D’autre part, cette étude montre que l’addition des différentes aides publiques consacrées à accroître le taux de couverture de la population par des assurances complémentaires s’élève à un montant total de 7,6 milliards d’euros. Ce montant représente 35% du montant des prestations complémentaires versées. Il correspond aussi au coût, pour la collectivité, du déplacement du remboursement de certaines dépenses de l’assurance-maladie obligatoire vers les assurances complémentaires. Qui a dit que le contribuable économisait lorsqu’on opérait des transferts de dépenses ?

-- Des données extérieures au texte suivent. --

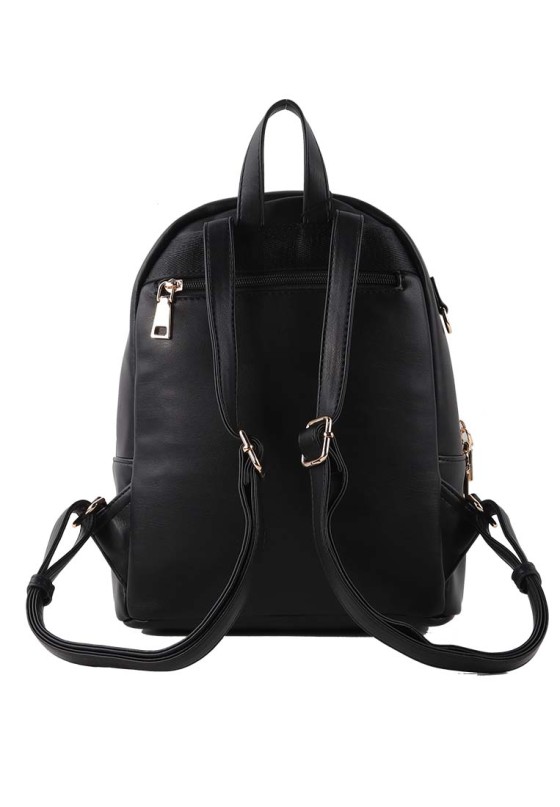 Mochila bolso mujer ETIKA b30124 negro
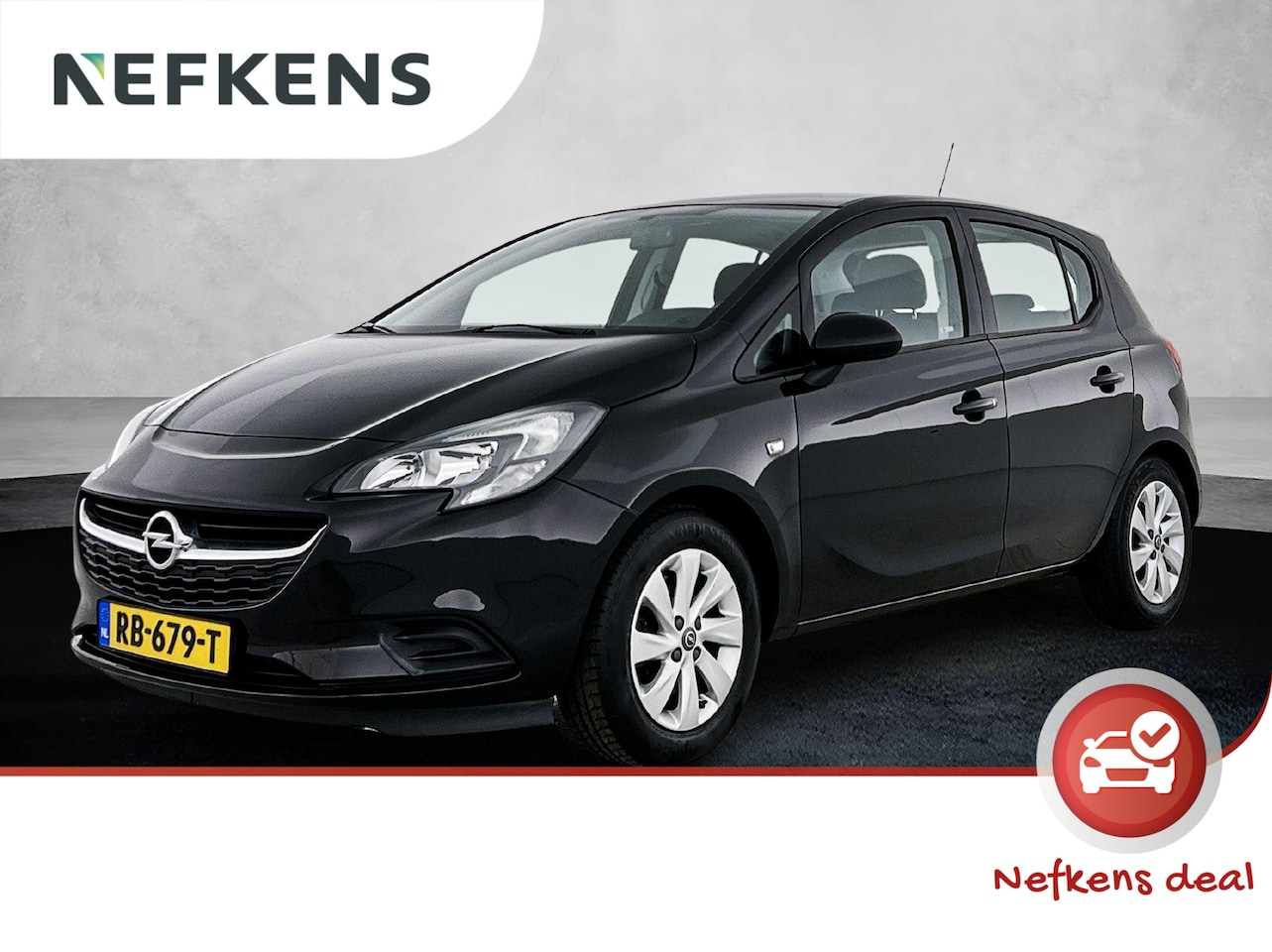 Opel Corsa - 1.0 Business+ 90pk | Navigatie | Airco | Cruise Control | Stuur-/Stoelverwarming | Apple C - AutoWereld.nl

2- Le mythe d’un financement d’organismes de lutte contre la maladie d’Alzheimer par les franchises médicales : le budget de l’Assurance Maladie est « un tout », et si les franchises ont pour effet d’entraîner une baisse de la consommation et des dépenses, on imagine mal un gouvernement affecter ces économies à un autre poste, et ramener ainsi à son niveau antérieur un déficit qu’il aurait réussi à combler partiellement ;

3- Le statut des cliniques, qui, devant redistribuer des profits à leurs actionnaires, peuvent, à tout moment, se retirer de ce secteur s’ils ne le jugent pas assez lucratif, et faire s’effondrer un équilibre entre public et privé que le rapport Larcher tente péniblement de mettre sur pied : comme c’est le cas de la majorité des hôpitaux privés aux Etats-Unis, ceux-ci devraient avoir le statut de Fondations, qui sont obligées de réinvestir la totalité de leurs profits ;

4- Les effets d’annonce, comme le discours de Nicolas Sarkozy tenu lors de la Conférence nationale du handicap : rien sur les méthodes, le calendrier et, une nouvelle fois, sur les moyens.

5- Mais, surtout, il serait bon que l’opposition s’empare du dernier étage de la fusée qui continue à faire défaut : celui des indicateurs de résultats médicaux, ceux qui permettent de savoir non seulement si tout le monde est soigné, mais si tout le monde, riche ou pauvre, est bien soigné, sujet tabou en France et de plus en plus utilisé dans les pays anglo-saxons : car des dépenses plus élevées peuvent être justifiées par de meilleurs résultats médicaux, et tout le monde est capable de faire des économies en soignant moins bien : encore faut-il se décider à se doter des outils pour le savoir ! Il serait inacceptable pour la gauche qu’en France, l’Etat démissionne de sa fonction d’évaluation des résultats et de la qualité des soins, et abandonne, comme aujourd’hui, cette mission d’intérêt général aux assurances complémentaires privées.

On voit donc que l’opposition a mieux à faire que de « suivre ses troupes puisqu’elle en est le chef », et de condamner les réformes qu’en réalité elle approuve (ce fut déjà le cas lors du « plan Juppé » de 1995, d’inspiration plus étatique que libérale en matière de santé, et que le gouvernement Jospin a, pour l’essentiel, appliqué sans le dire) , qu’elle regrette de ne pas avoir eu le courage de mener, et sur lesquelles elle ne reviendra évidemment pas ; mais on ne peut que s’étonner de son silence sur ses divergences pourtant profondes avec le démantèlement de l’assurance-maladie solidaire.